**EXERCISE**. Pictures should be excluded; otherwise, copy every entry exactly.
------ DATA EXCERPTS ------
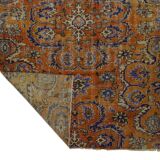Tapis Oushak Vintage – Couleurs Vibrantes & Motifs Dynamiques, 160 x 277 cm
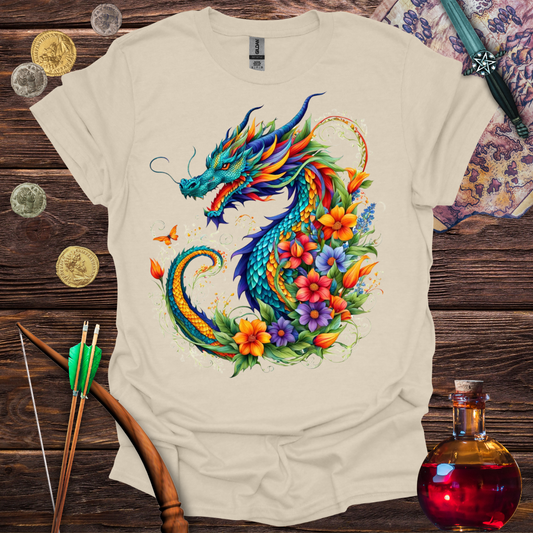 Petals and Scales Dragon T-Shirt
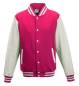 Preview: Varsity Jacket mit Applikation pink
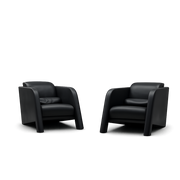 Front product view of the Blade Lounge Chairs by DORSA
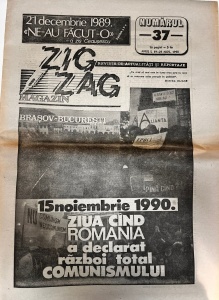 Zig Zag Magazin, nr. 37, 19-25 noiembrie 1990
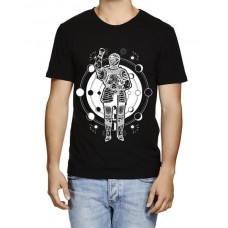 Men's Cotton Graphic Printed Half Sleeve T-Shirt - Max Chapman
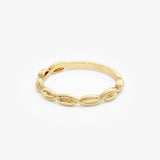 14K Oval Link Band Ring Ferkos Fine Jewelry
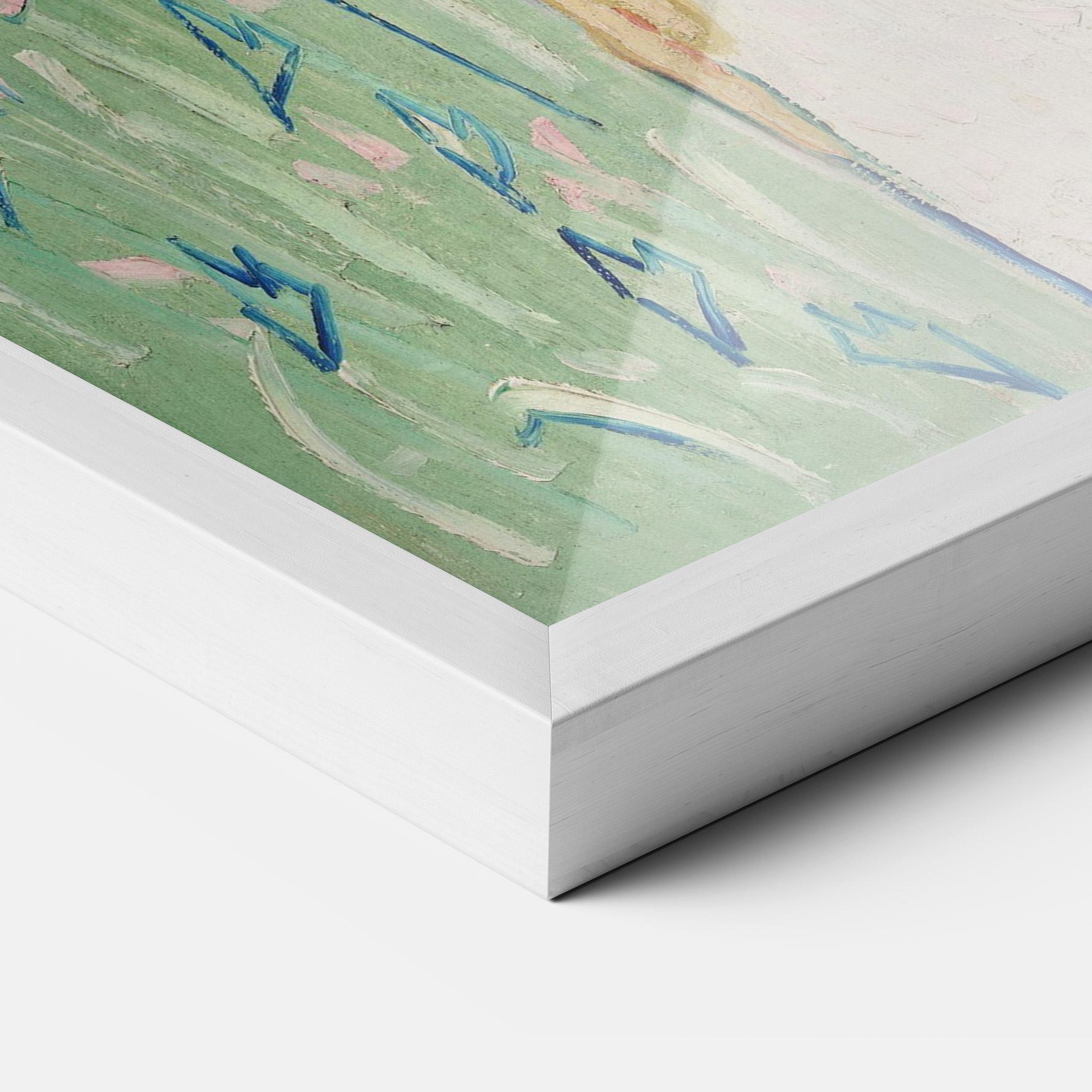 Gerahmte Poster Girl In White mockup 3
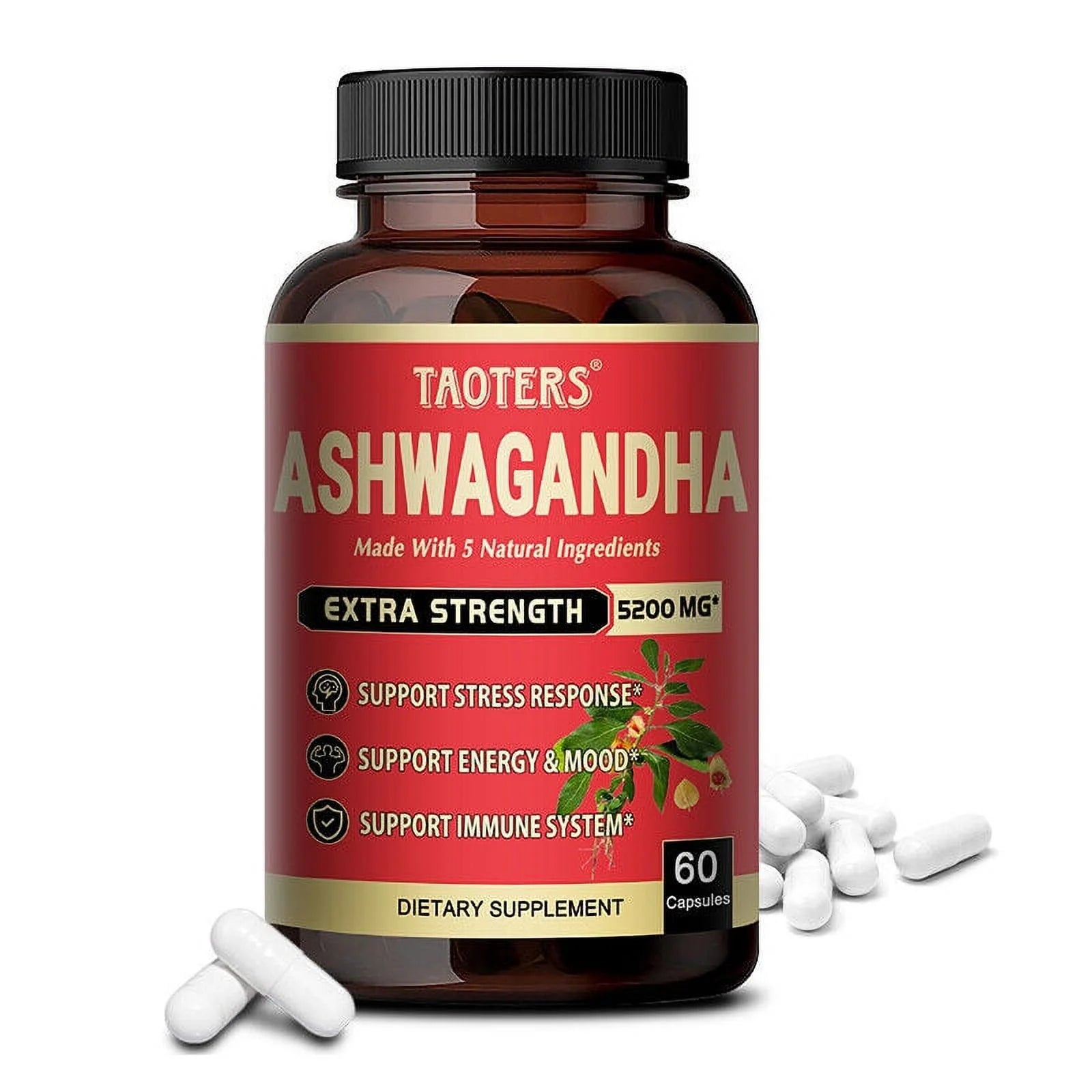 Ashwagandha Capsules 5200 Mg 60 Capsules Z3489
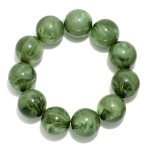 Marbled Acetate Beaded Stretch Bracelets 

- Approximately 3" D
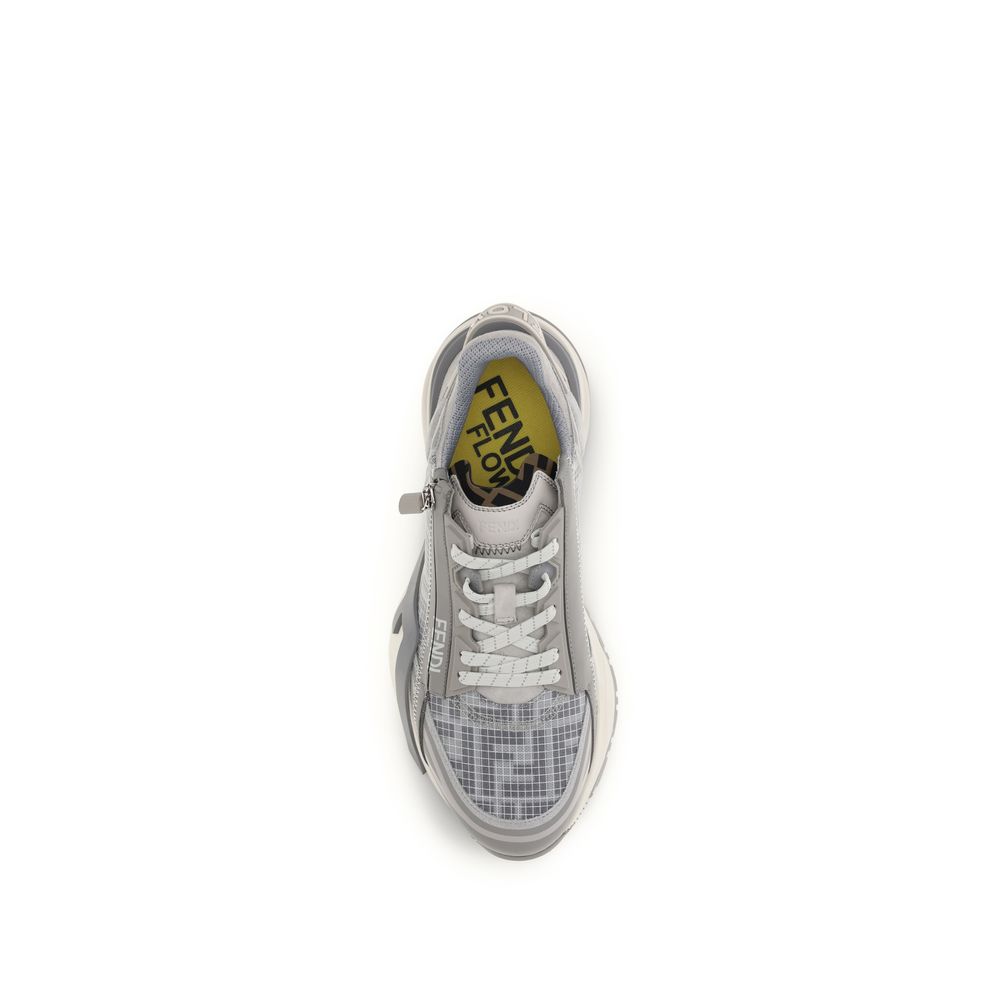 Gray Calf Leather Bos Taurus Athletic Sneakers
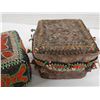 Image 7 : Qty 2 Square Beaded Trinket Boxes w/ Lids, 4" x 4" x 4.5"H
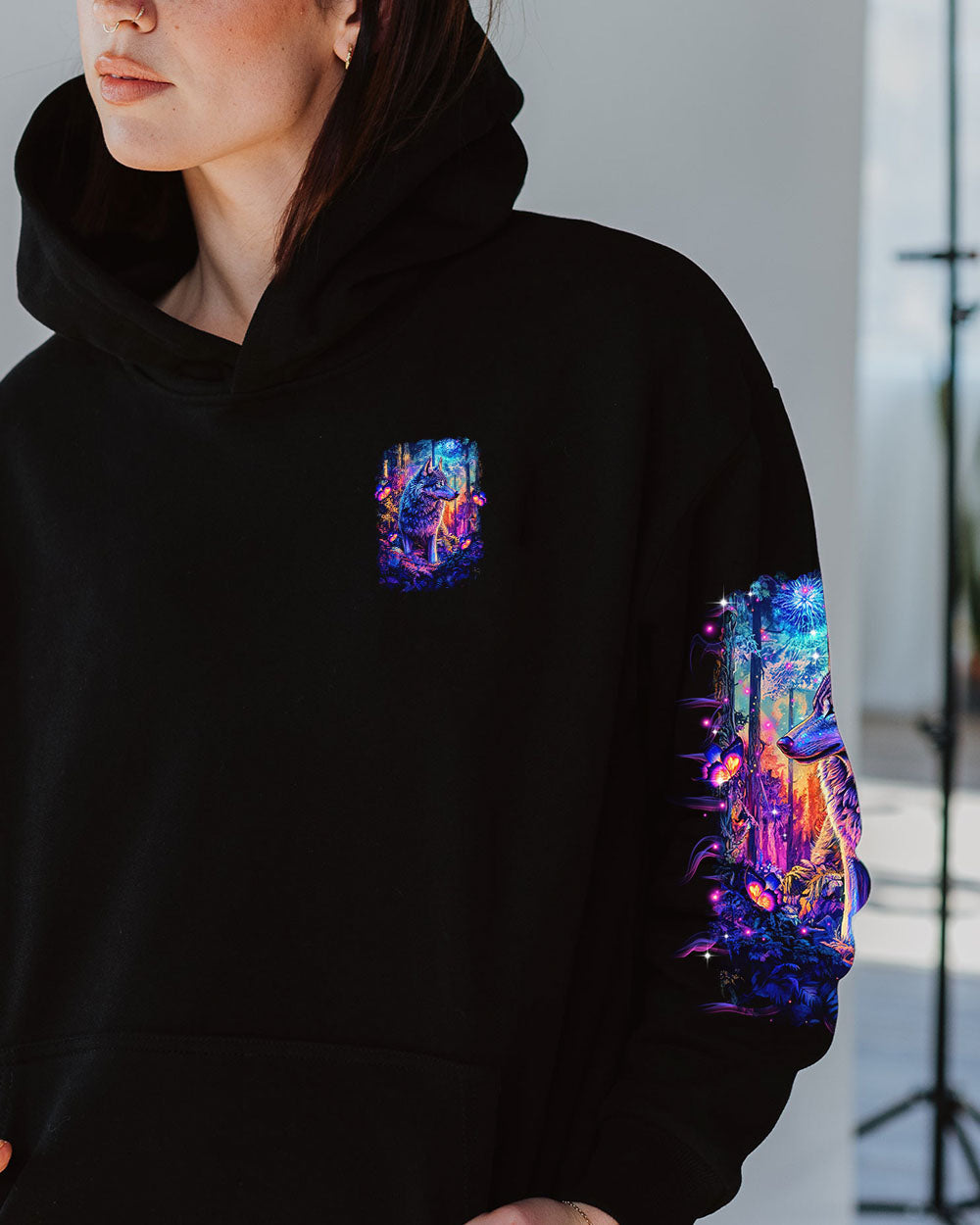 BLISSCORNERS AND INTO THE FOREST I GO WOLF ALL OVER PRINT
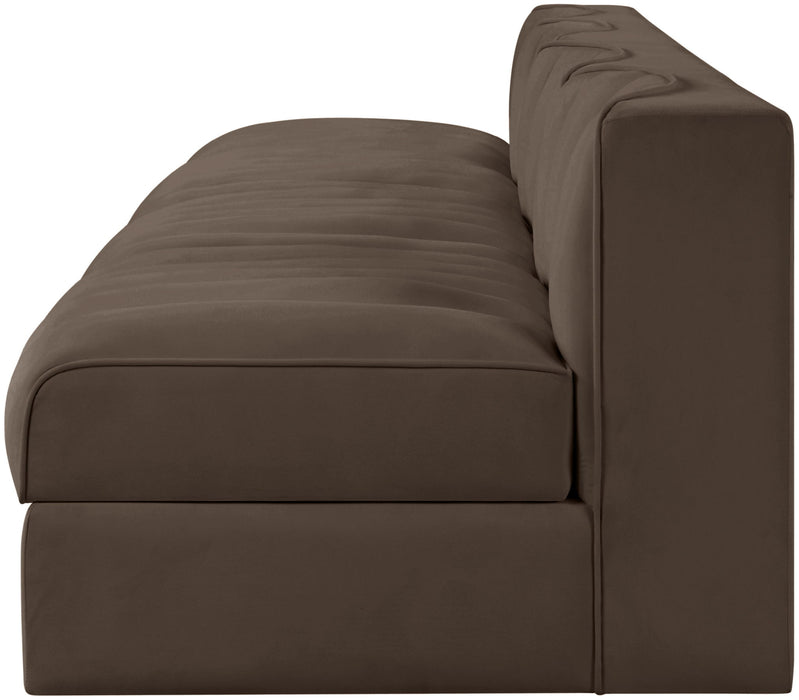 Rummi - Armless Velvet Performance Fabric Upholstered 4 Piece Modular Sofa - Simple Home Plus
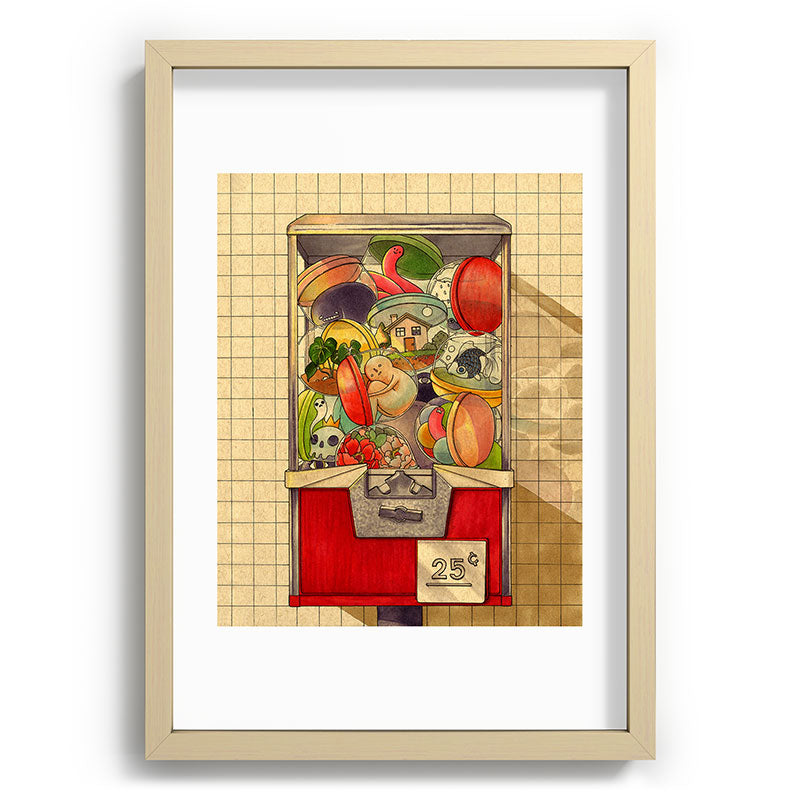 25�� Framed Art Print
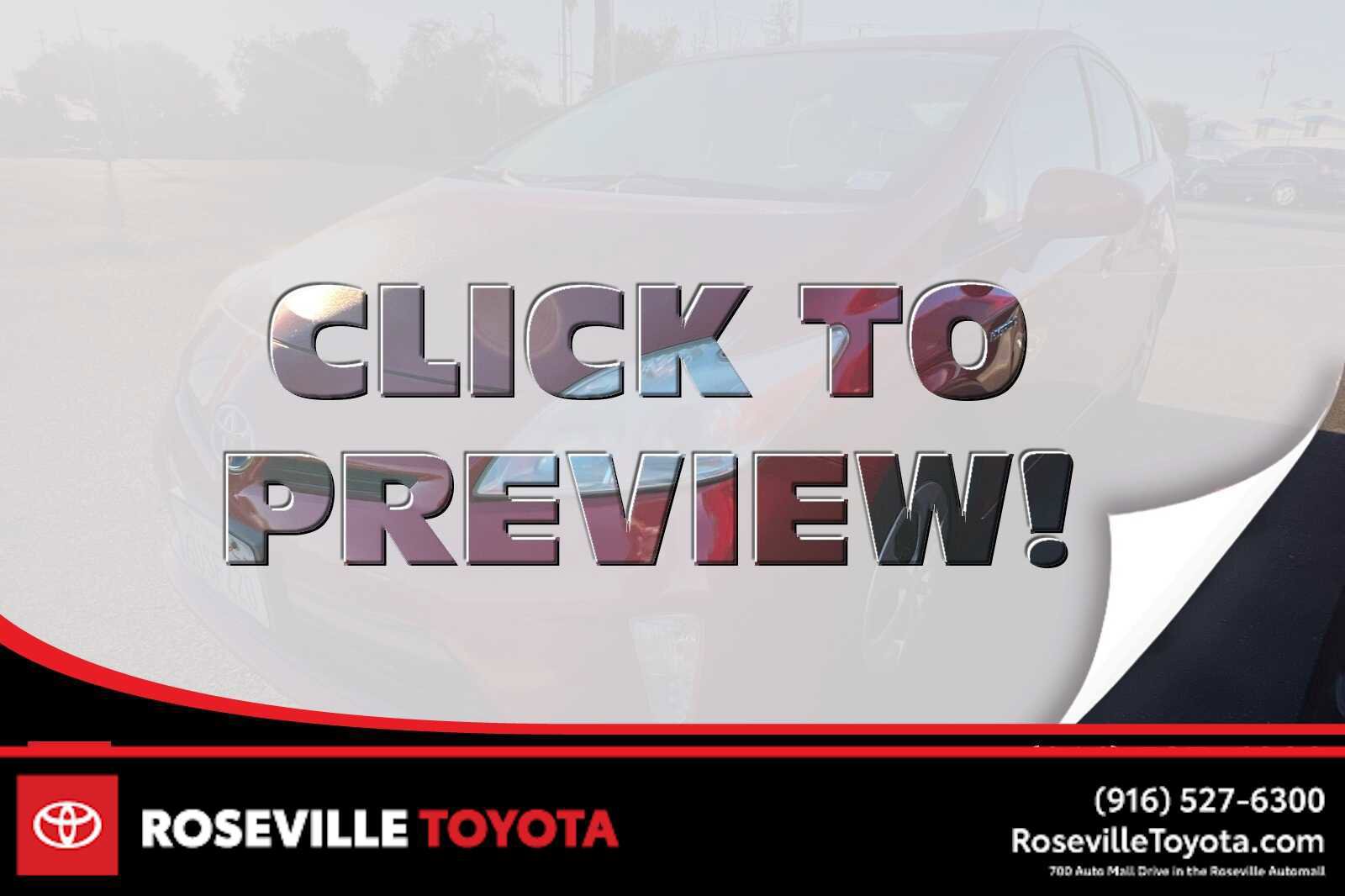 Used 2012 Toyota Prius Two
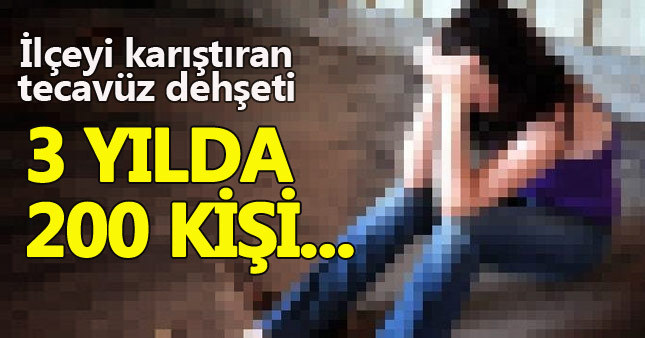 17 yaşındaki lise öğrencisine 3 yılda 200 kişi tecavüz etti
------
**TASK RESULT**.
Tapis Oushak Vintage – Couleurs Vibrantes & Motifs Dynamiques, 160 x 277 cm
 Petals and Scales Dragon T-Shirt
 Preview: Varsity Jacket mit Applikation pink
 Front product view of the Blade Lounge Chairs by DORSA
 Zig Zag Magazin, nr. 37, 19-25 noiembrie 1990
 Men's Cotton Graphic Printed Half Sleeve T-Shirt - Max Chapman
 14K Oval Link Band Ring Ferkos Fine Jewelry
 Gerahmte Poster Girl In White mockup 3
 Ashwagandha Capsules 5200 Mg 60 Capsules Z3489
 Marbled Acetate Beaded Stretch Bracelets 

- Approximately 3" D
 Gray Calf Leather Bos Taurus Athletic Sneakers
 Image 7 : Qty 2 Square Beaded Trinket Boxes w/ Lids, 4" x 4" x 4.5"H
 BLISSCORNERS AND INTO THE FOREST I GO WOLF ALL OVER PRINT
 Rummi - Armless Velvet Performance Fabric Upholstered 4 Piece Modular Sofa - Simple Home Plus
 25�� Framed Art Print
 Used 2012 Toyota Prius Two
 17 yaşındaki lise öğrencisine 3 yılda 200 kişi tecavüz etti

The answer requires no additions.